• Exercise aim
Required from the data below: the exact lines starting at the line containing "ŠATNA, 70/175/32 cm" and ending at the line containing "Cute Panda Family", with both ends kept and all pictures dropped.

• Source material
--

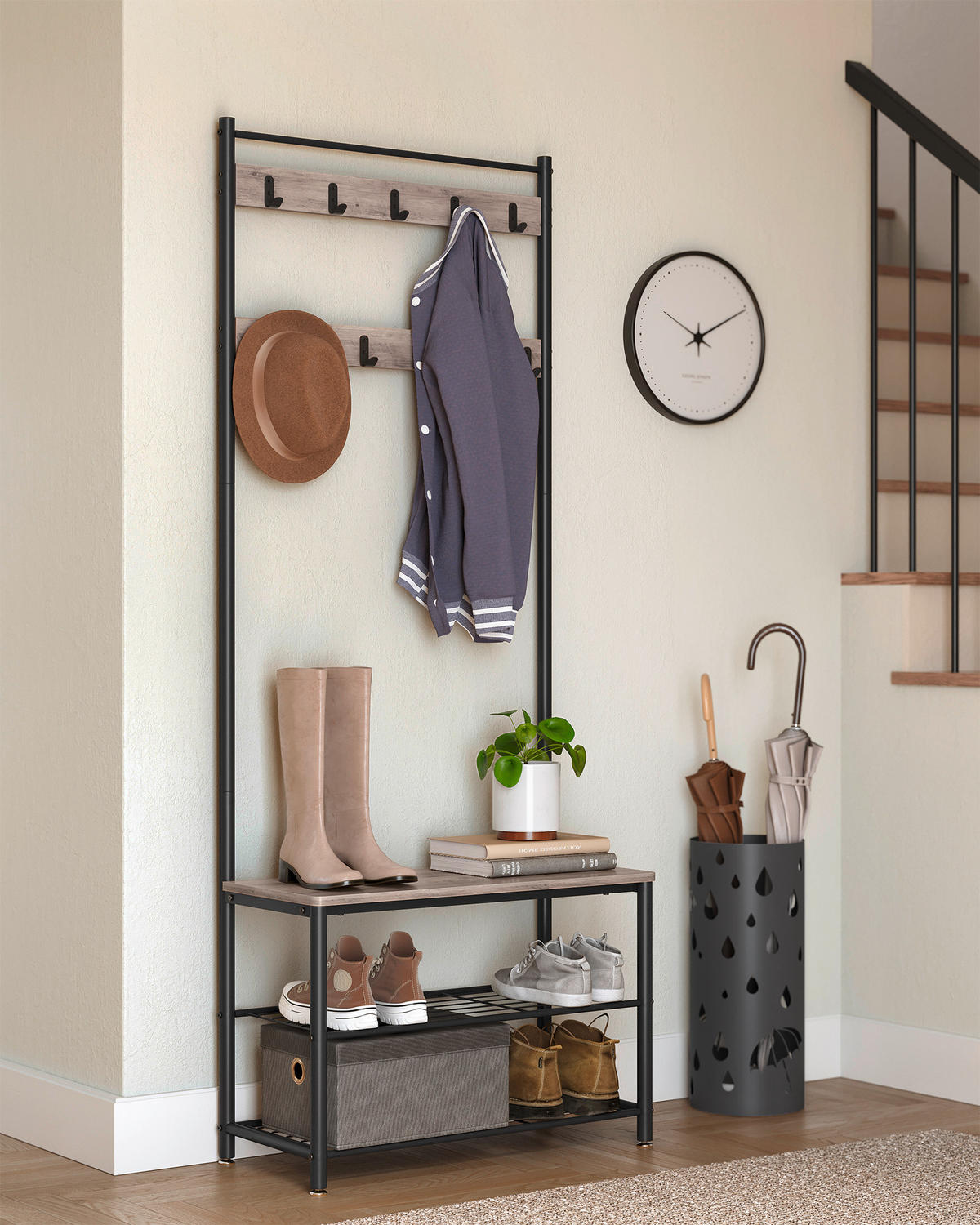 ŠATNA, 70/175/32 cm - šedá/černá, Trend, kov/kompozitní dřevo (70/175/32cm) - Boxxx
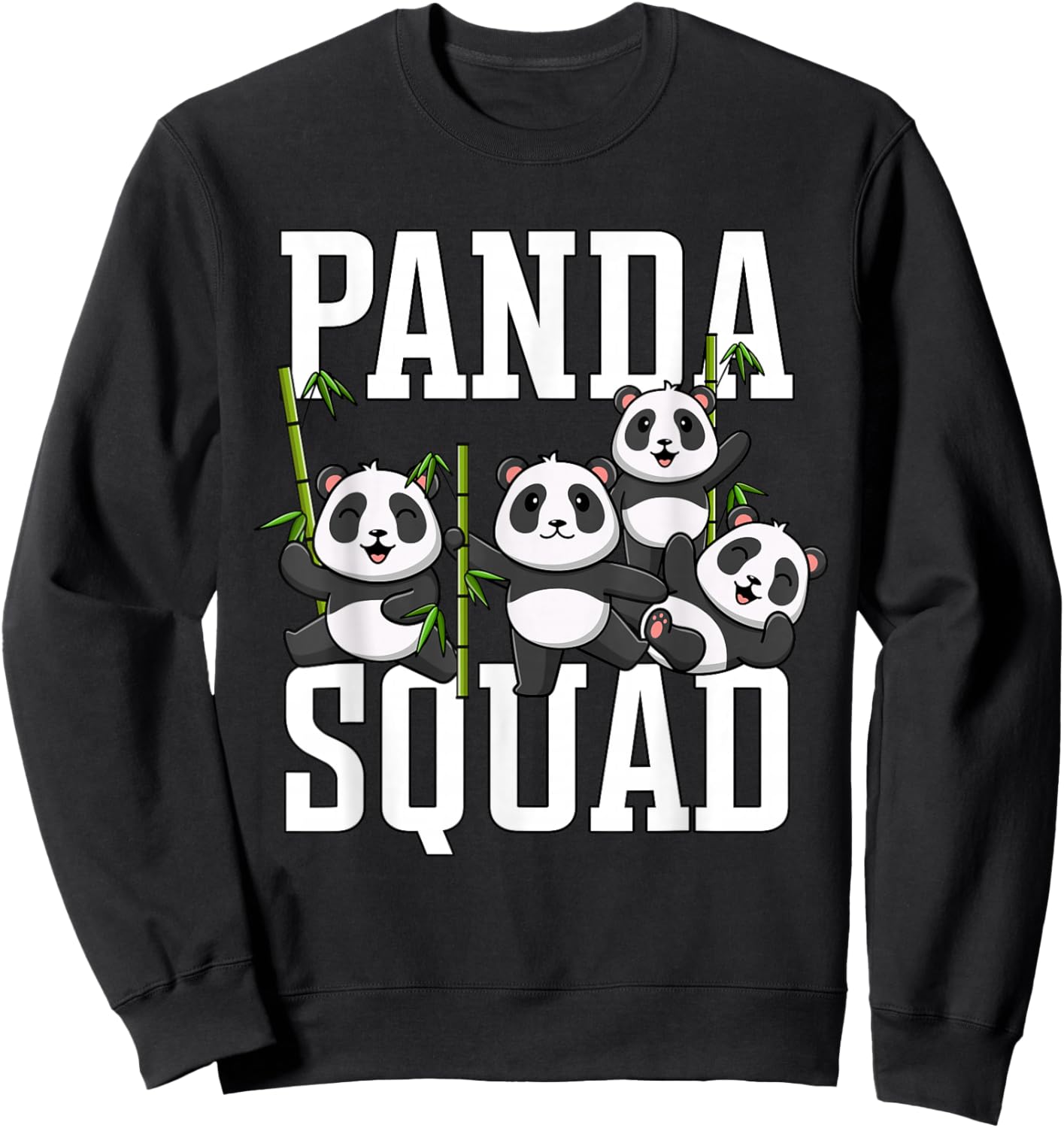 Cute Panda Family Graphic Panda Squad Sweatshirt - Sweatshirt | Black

--

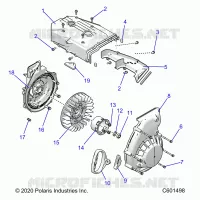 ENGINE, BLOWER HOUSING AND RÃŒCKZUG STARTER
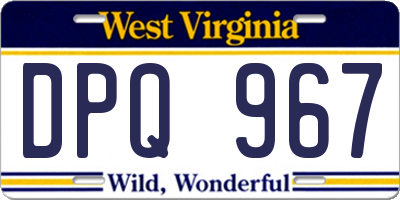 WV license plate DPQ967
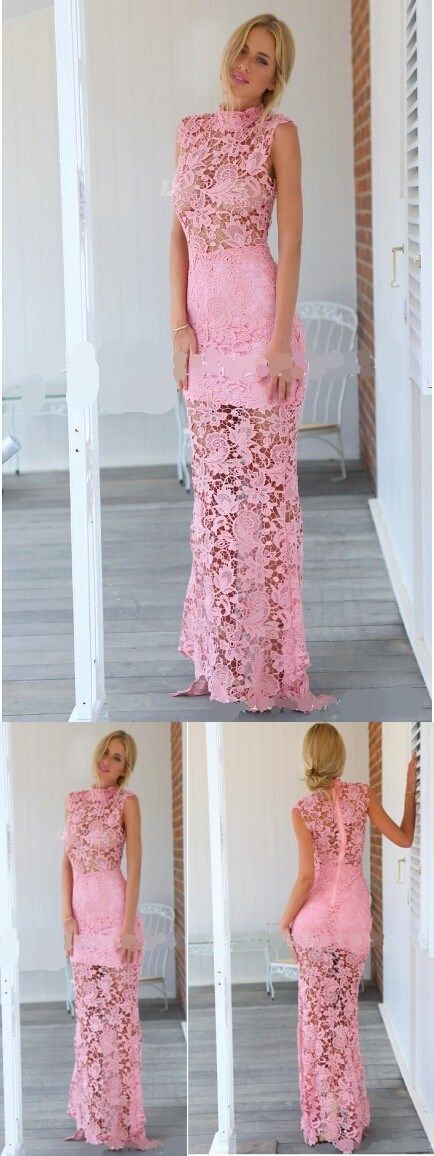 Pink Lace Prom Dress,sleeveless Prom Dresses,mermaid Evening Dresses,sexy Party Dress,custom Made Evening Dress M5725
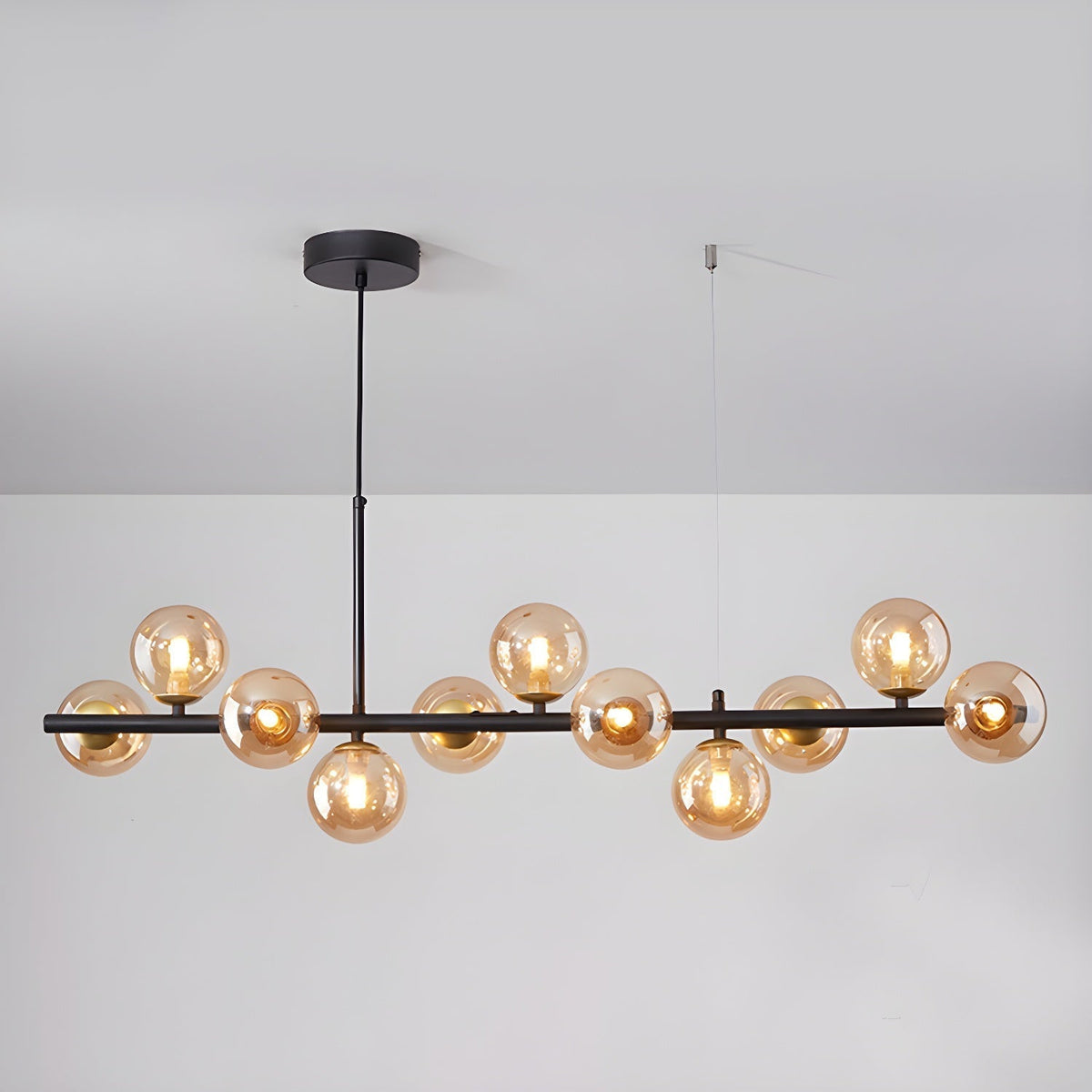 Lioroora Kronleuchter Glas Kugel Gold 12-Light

--

• Solution to this problem
 ŠATNA, 70/175/32 cm - šedá/černá, Trend, kov/kompozitní dřevo (70/175/32cm) - Boxxx
 Cute Panda Family Graphic Panda Squad Sweatshirt - Sweatshirt | Black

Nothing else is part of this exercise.